And believe it or not, I’d have agents call me, homeowners call me. And they’re like, “Hey, Pam, we didn’t know you were in real estate. This is super cool. I have an uncle who’s looking to sell his two family or whatever.” All my deals happened organically through my relationships, which was amazing. And that’s how I got a steal of a deal, even at the biggest height of the market, which was insane. But yeah, the total valuable tool, small businesses are so key for the locations that you want to get into and the local pizza guy is the guy. He’s going to get you the deals.

David:
All right, Pamela, thank you so much for sharing your story. I think this is awesome. It’s a wonderful American success story. You started off with an entrepreneurial family. Your father starts a business. He is not afraid to start in the trenches delivering pizzas himself, bringing you in the car with him. He’s bringing you to work and you’re making these memories and bonding together as you’re jamming out to the music of DJ Pammy B, you go from cassette tapes to CDs to MP3s and eventually start your own business, realize you’re too ambitious for the corporate world, follow in their footsteps, but amplify the success that your family had, making it even bigger. Not afraid to do things differently, like putting your information on a pizza box and finding the right mentors. I love hearing this. I hope more people are inspired by this and copy it. Rob, what do you think?

Rob:
I agree with that. I think we have a story of adaptability and how that helped create a nine figure portfolio.

David:
So Pamela, for people that want to know more about this fascinating journey you’ve been on, where can they reach out and find out more about you?

Pamela:
Absolutely.
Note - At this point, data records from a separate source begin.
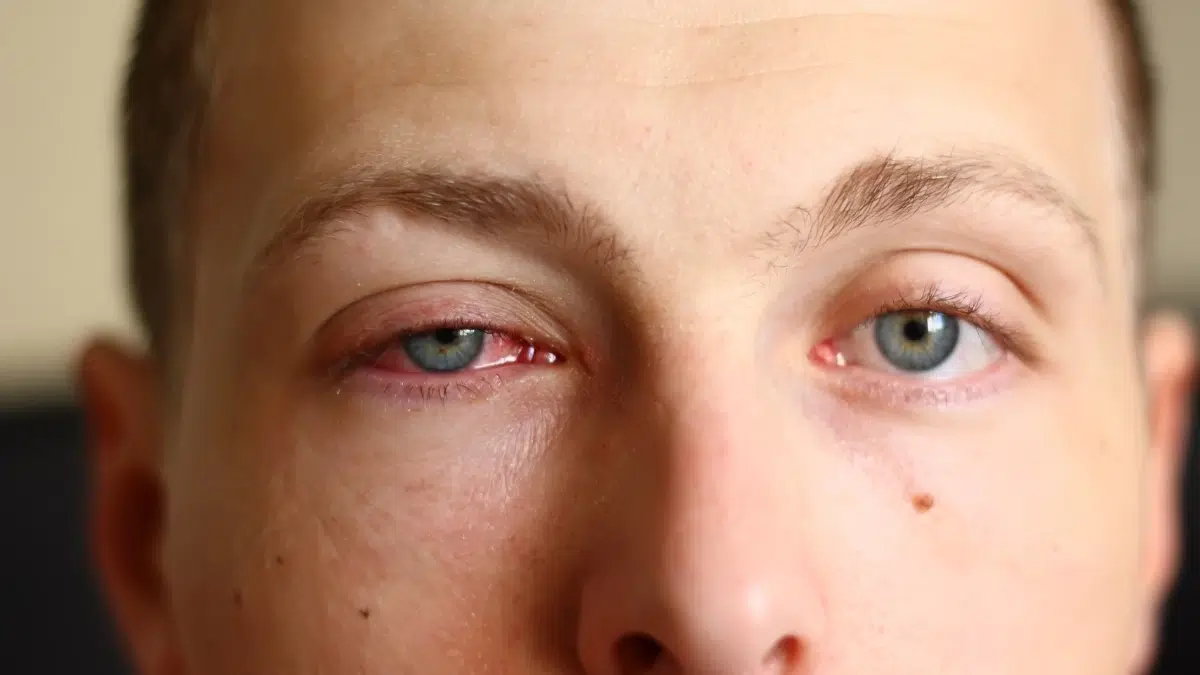 is pink eye dangerous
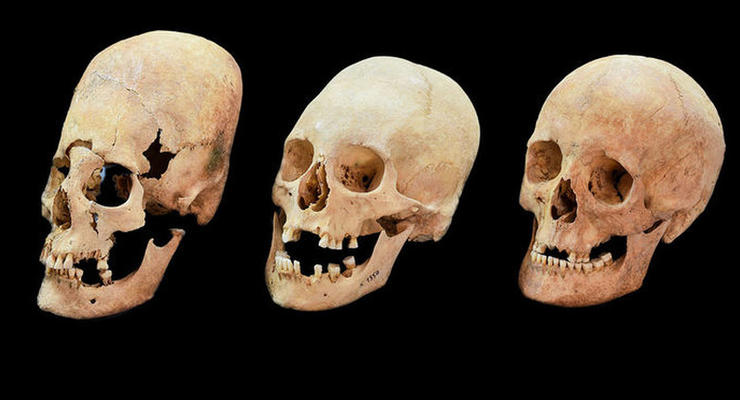 Найденные в Германии вытянутые черепа оказались невестами с востока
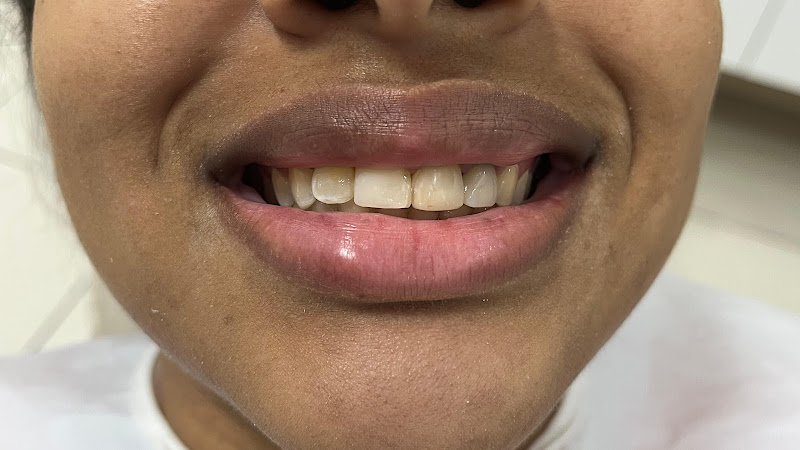 Foto 2 de Cirurgiã-Dentista - Itabuna - Clínica Dra. Lavynnya Vilaça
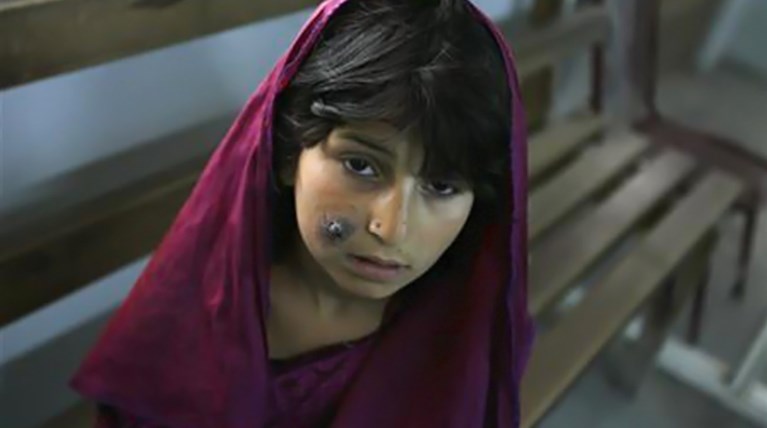 To κρυφό βιολογικό όπλο των τζιχαντιστών. Φωτογραφίες-σοκ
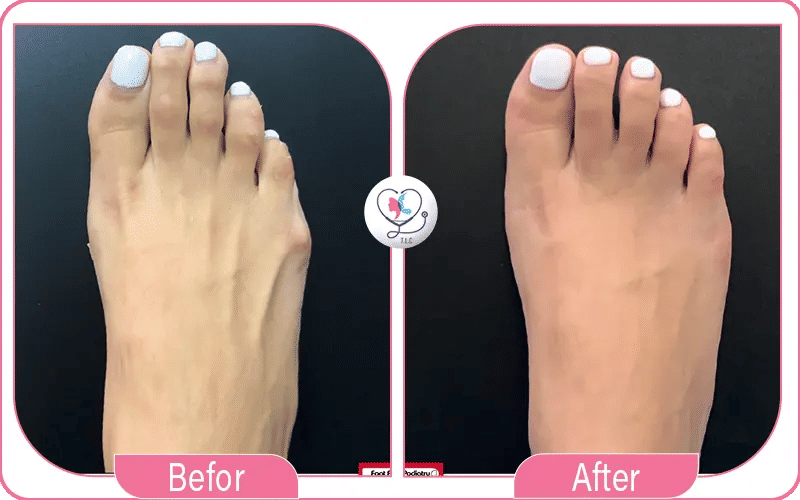 ما هي عملية تجميل أصابع القدم؟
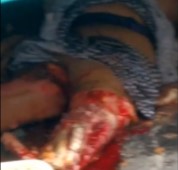 lady and her legs crushed on the bus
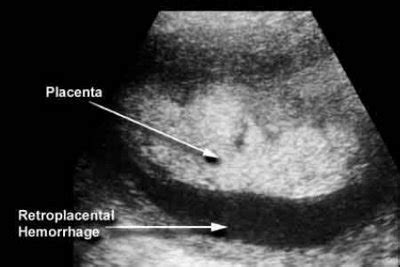 Fattori di rischio distacco di placenta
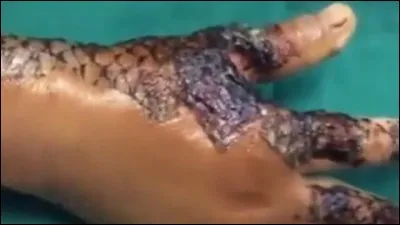 Sur quelle partie du corps n'a-t-on pas prélevé de peau chez le frère jumeau ?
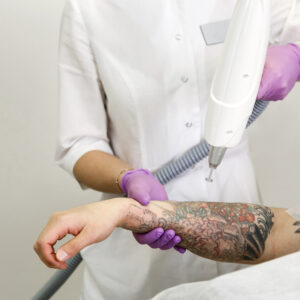 Read more about the article Sinar Laser untuk Menghapus Tato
So I’m on Instagram, LinkedIn, Facebook, all over Pamela Bardhi, B-A-R-D-H-I, and it’s also my website, www.pamelabardhi.com. To reach out and find me there, DM me, I’m always floating around just living life. So please reach out to me anytime. Any way that I can help you, I’m here, man. I just want to see people rock it and slay it. I mean, what real estate has done in my life, I mean from delivering pizzas to a nine figure real estate career, featured in Forbes and Time Magazine by the time I was 27. If that could happen for me, a kid that came to this country with absolutely nothing and was able to build that just through hustle, it can totally happen for you.

David:
It all started with avoiding that Boston accent. I really think that the skills that you built resisting the urge led to the amazing success you have now. Rob, where can people find out more about you?

Rob:
Oh, they can find out more about me on the Apple Podcast store where you can leave us a five star review and we appreciate it. I appreciate it so much that I’m not even going to plug my channels because I would rather you just go there, just give us a quick little, “Oh, hey, five star. Rob and Dave are so funny. We love these guys. We learned so much about real estate.” That way we can get served up to new audiences and hopefully inspire more people to have amazing stories like Pam. David, what about you?

David:
Well, I need a pity follow because Rob has so many more followers on YouTube than me. So I will ask for a pity follow. I’m not too proud to beg. Please go to YouTube.com at DavidGreene24 and subscribe to my channel there. Or check out davidgreene24.com or DavidGreene24 all over social media, the most boring screen name in all of the real estate space, which forces me to make up for it with better content. Pam, thanks again so much. This was a blast. Thank you for sharing your story. We’ll have to have you back on again. This is David Greene for Pamela, the life of the party, Bardhi and Rob Salt Bae, Abasolo signing out.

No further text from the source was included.